9. A machine according to claim 7, including two pair of transport
rollers (13/14, 15/16) on the cartridge (1), one gear wheel each
(61, 62) rigidly connected with the transport rollers (13, 15) of
the pairs of transport rollers (13/14, 15/16) to be driven in the
same direction, a gear wheel (63) connected coaxial to the axis of
rotation (2) of the cartridge (1) and connected in meshing relation
with said one gear wheel each (61, 61), and a connectable coupling
(64a/64b) connectable to drive said gear wheel (63) and which is
disconnected during the turning of the cartridge (1).
Description
BACKGROUND OF THE INVENTION
The invention concerns a folding machine for sheets of papers,
particularly for the folding of mailing material in envelope
insertion machines.
SUMMARY OF THE INVENTION
The invention is based on the task of providing such a machine
which meets the following conditions: it shall be possible to
adjust the machine to different types of folds, such as simple
fold, Z fold, rolling fold, and different formats, without any
structural change, just by changing the control program (sense of
direction, length of advance). Also, it shall be possible, without
causing any difficulty, to reverse the direction of turning during
the folding process. The machine shall make it possible to hold
reliably even a small section of the material to be folded during
the folding process. The shank lengths of the folds shall be feeely
selectable and simply adjustable within a large range. In
particular, it shall be possible to fold, without any problem,
material with inflexible components, for example, paper clips or
credit cards or parts of samples (outside these components).

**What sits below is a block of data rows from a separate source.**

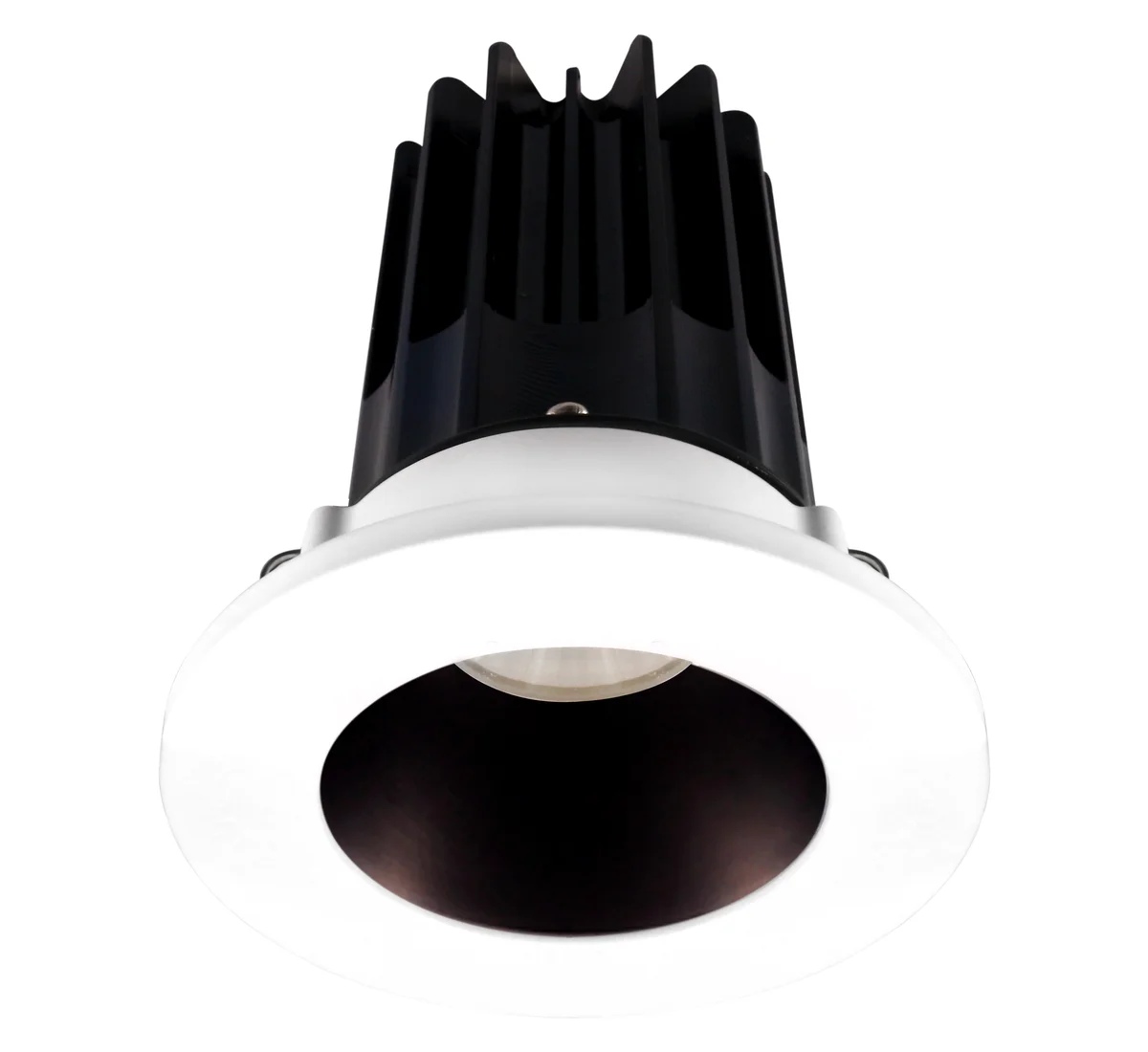 2" Round Recessed LED, 15W, 3000K, Multiple Reflectors and Round Trims - Image 39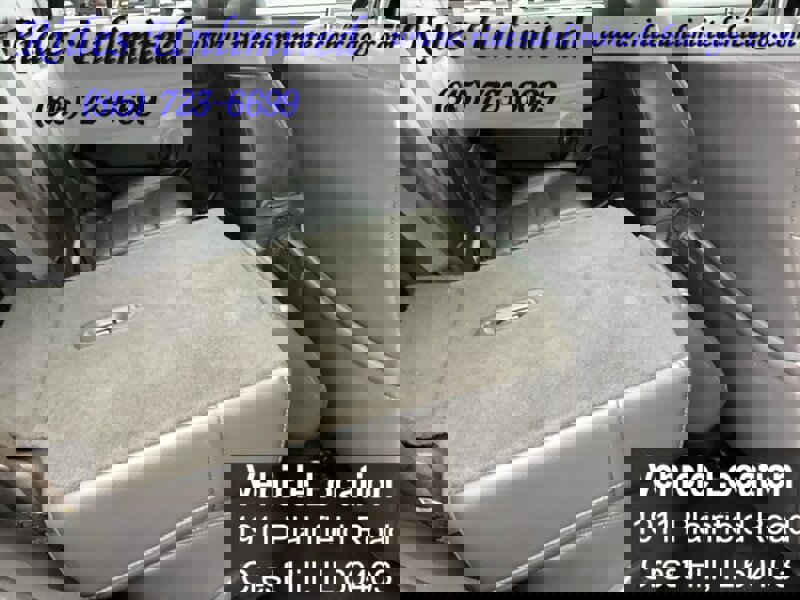 Used 2008 Jeep Commander Sport image 33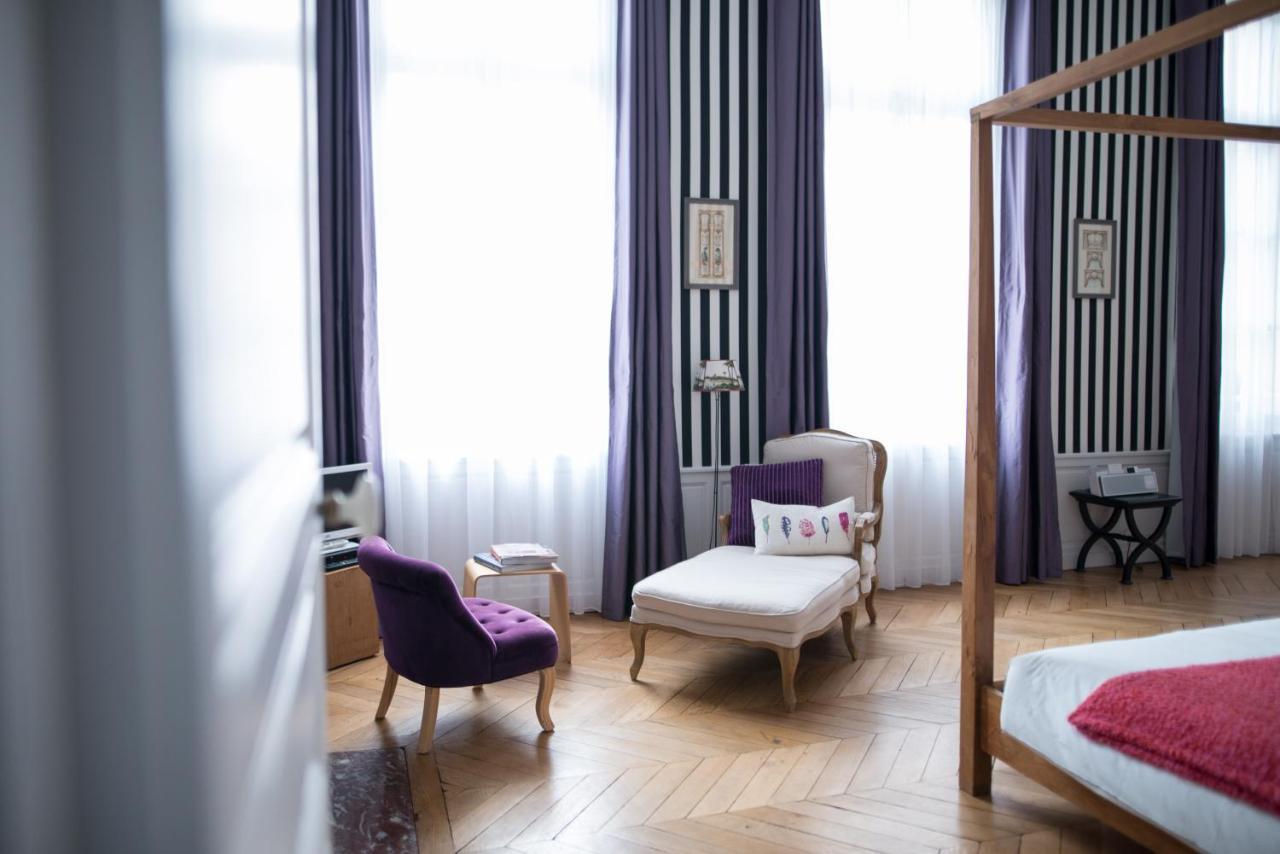 Maison Ailleurs Chartres Phòng bức ảnh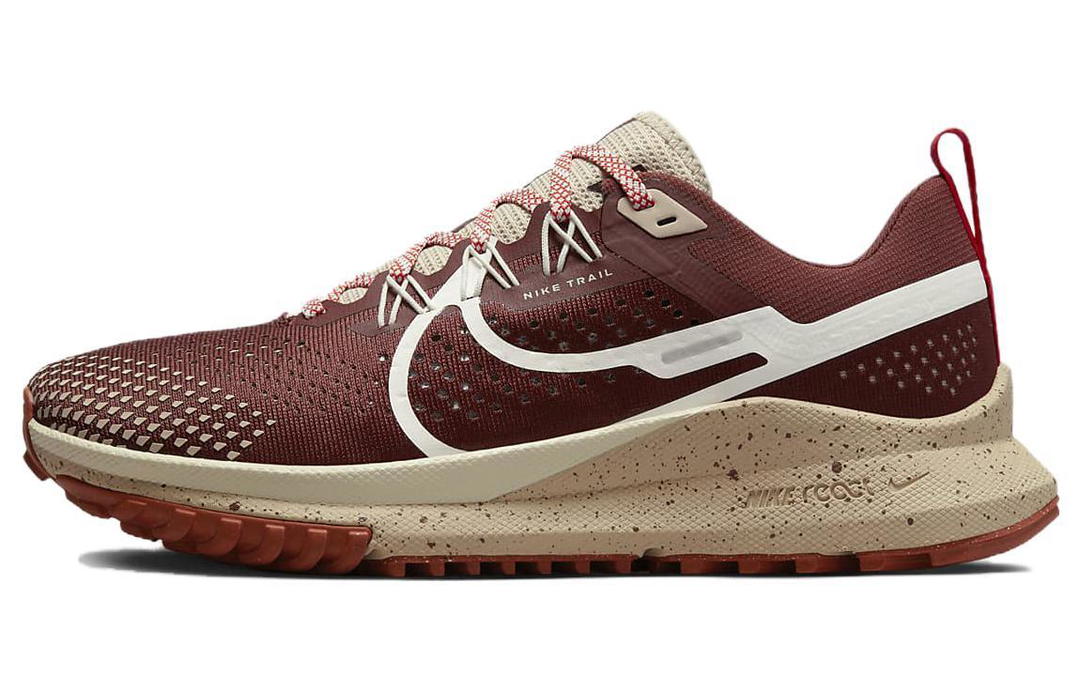 Nike Nike Pegasus Trail 4 Dark Pony Picante Red Women's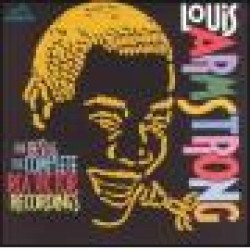 Armstrong Louis- The Best Of The Complete RCA Victor Recordings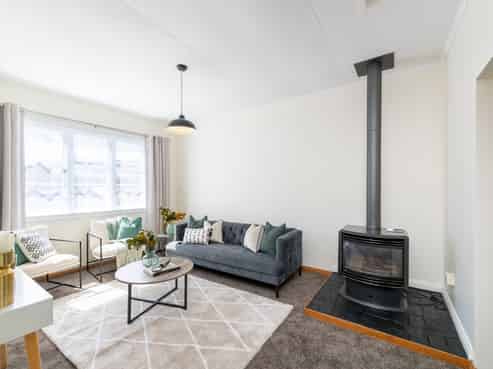 5 Mangaroa Hill Road, Clouston Park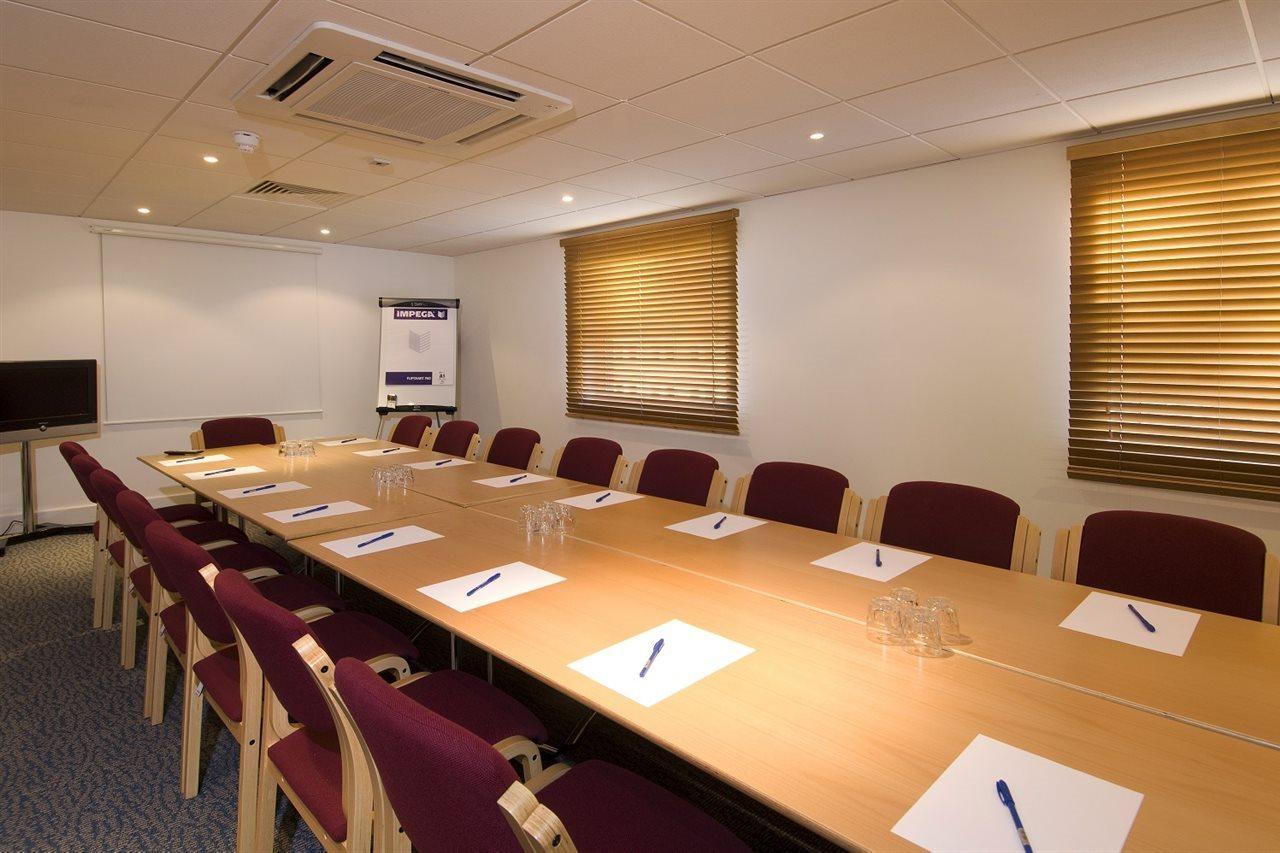 Premier Inn Sheffield City Centre Zewnętrze zdjęcie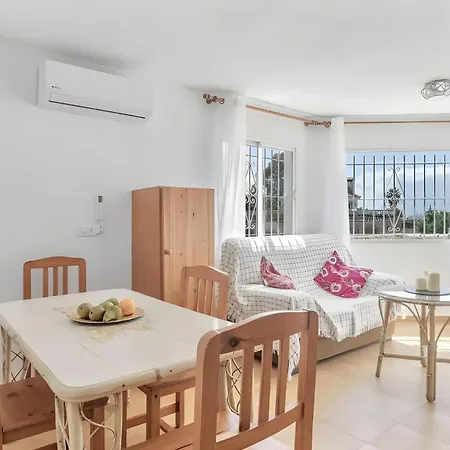 Appartement Con Piscina Compartida A 2 Km De Playa *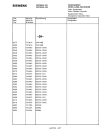 Схема №2 FM738V6 с изображением Кронштейн для телевизора Siemens 00793481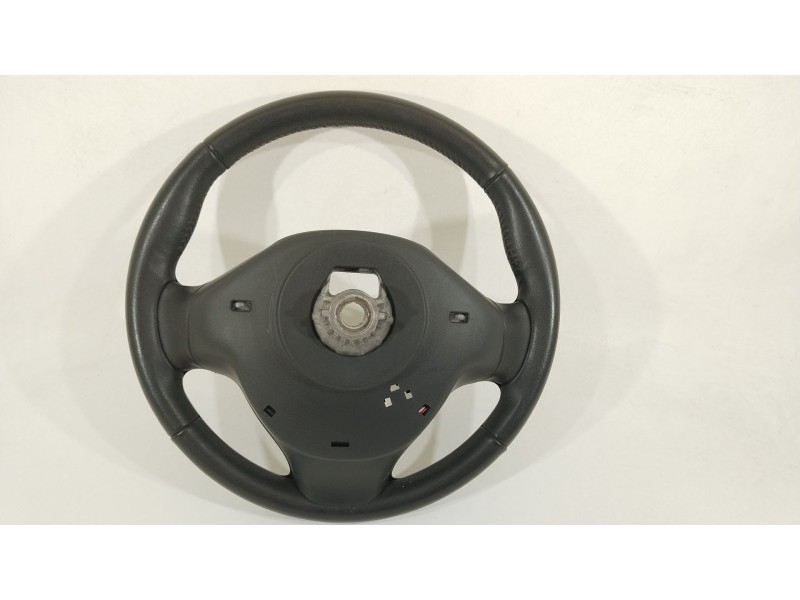 Recambio de volante para renault clio iv (bh_) 1.5 dci 90 referencia OEM IAM 622484730A  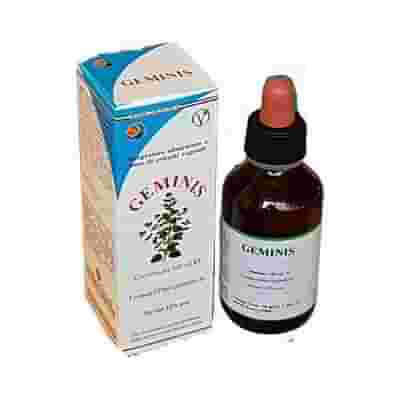 GEMINIS GOCCE 100 ML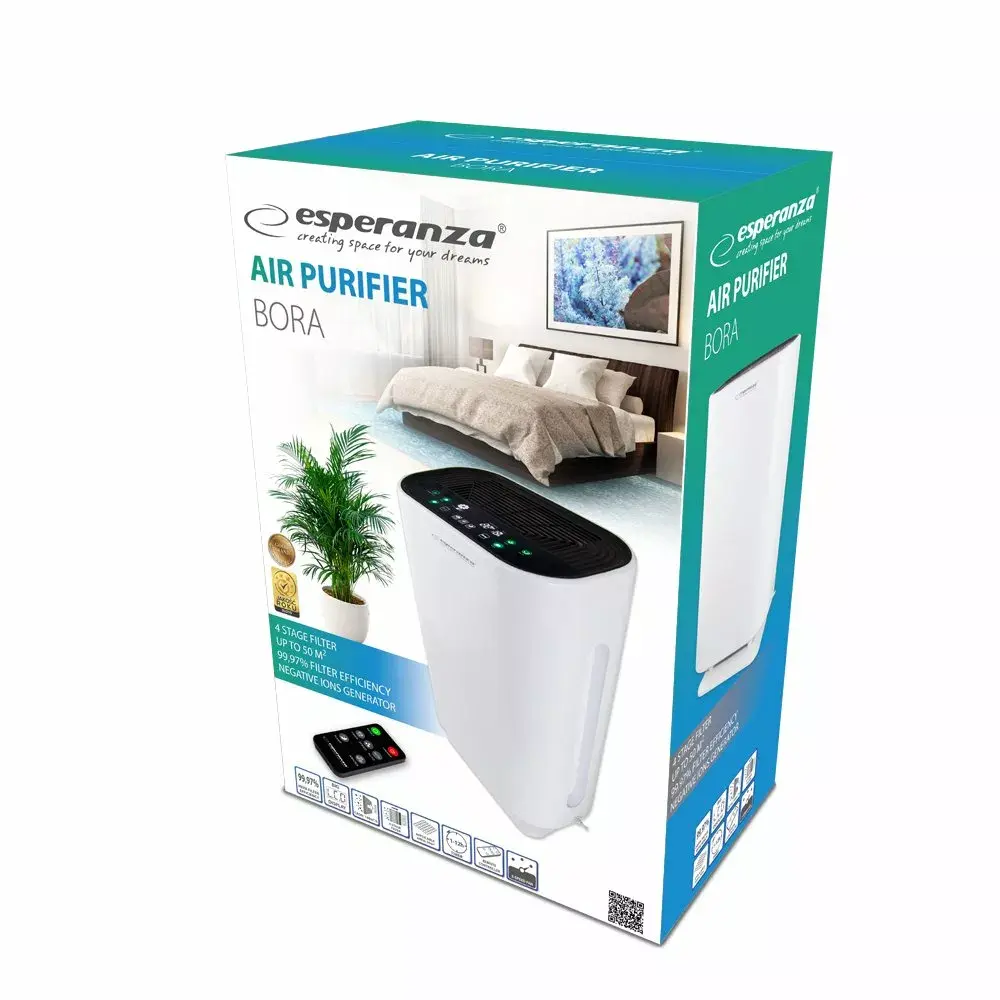 Air Purifier Esperanza EHP003 Photo 3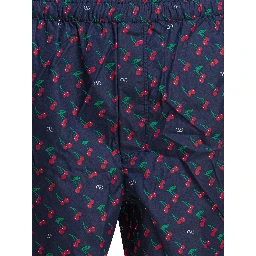 "Cherryfic" swim short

This task is accomplished by the folding machine according to the
present invention.
An exemplified embodiment of the invention is further described
hereinafter following by reference to the accompanying schematic
drawings.
BRIEF DESCRIPTION OF THE DRAWINGS
FIG. 1 shows a schematic lateral view of two successive folding
stations of a folding machine according to the invention;
FIGS. 2 to 4 show a simple fold, a Z fold and a rolling fold
each;
FIGS. 5 to 10 show the processes of the production of a simple fold
in a folding station;
FIGS. 11 to 16 show the processes of the production of the second
folding of a Z fold in a like folding station;
FIGS. 11, 12 and 17 to 20 show the processes of the production of
the second folding of a rolling fold in a like folding station;
FIG. 21 shows an axial longitudinal section through a gear for the
driving of the folding station with the transport rollers;
FIG. 22 shows a schematic axial section according to the line
XXII--XXII in FIG. 21; and
FIG. 23 shows a schematic top view of another design of a driving
device for the transport rollers.
DESCRIPTION OF THE PREFERRED EMBODIMENTS
Independently of what kind of a fold (A, B or C in FIGS. 2 to 4) is
to be formed, the folding station--as can be noticed, for example,
from FIG. 5--has a cartridge 1 which is rotational around an axis 2
(indicated in FIGS. 1, 5, 7 and 11 by means of a center line
cross). The cartridge 1 has two guide walls 3 and 4 between which
the material to be folded 5 (or 32 in FIG. 11) is introduced so far
that the point A (or C in FIG. 11) at which the fold is to be
formed is located at the edge 6 of the introductory side of the
cartridge 1. The material to be folded 5 (or 32 in FIG. 11) can be
a sheet of paper or can consist of several sheets put on top of
each other which must not be necessarily of the same size. It can
have inflexible components, such as paper clips, a credit card or,
for example, a flat inflexible sample whereby, in case of several
non-identical sheets and/or in case of inflexible components, the
material 5 (or 32) must be introduced into the cartridge 1 in such
a fashion that the smaller sheets enter the cartridge 1 at least
partially and inflexible components entirely, i.e. in the
introductory direction 7 in front of the fold to be produced at A
(or C). The portion a of the material 5 (or the portions c, d of
the material 32) introduced so far into the cartridge 1 remains
actually plane during all processes as will be noticed from what
follows, it is fixed in the cartridge 1 as will be further
explained below. The axis 2 runs transversely to the introductory
direction 7 and in parallel to the guide walls 3 and 4. With a
180.degree. turn of the cartridge 1, the cartridge edge 6 at which
the portion a of the material 5 (or c, d of the material 32) was
introduced passes a spring-loaded feed roll, i.e. with a
counterclockwise turn the feed roll 9, FIG. 8 and 14, and with an
opposite turn the feed roll 10, FIG. 18. In this instance, the
point A (or C) of the material to be folded 5 (or 32) is rolled to
the cartridge edge 6 and is folded around it at the strip of the
edge adjacent to it on the outside of the cartridge because the
feed roll 9 or 10 runs then across this strip of the edge. A pair
of folding rollers 11, 12 takes over the material 5 (or 32) folded
in this way from the cartridge 1 after the completion of the
180.degree. turn of the cartridge 1 and presses the fold together,
FIGS. 10, 16, 20, as can be noticed for a simple fold (FIG. 2) from
FIGS. 5 to 10, for the second fold of a Z fold (FIG. 3) from FIGS.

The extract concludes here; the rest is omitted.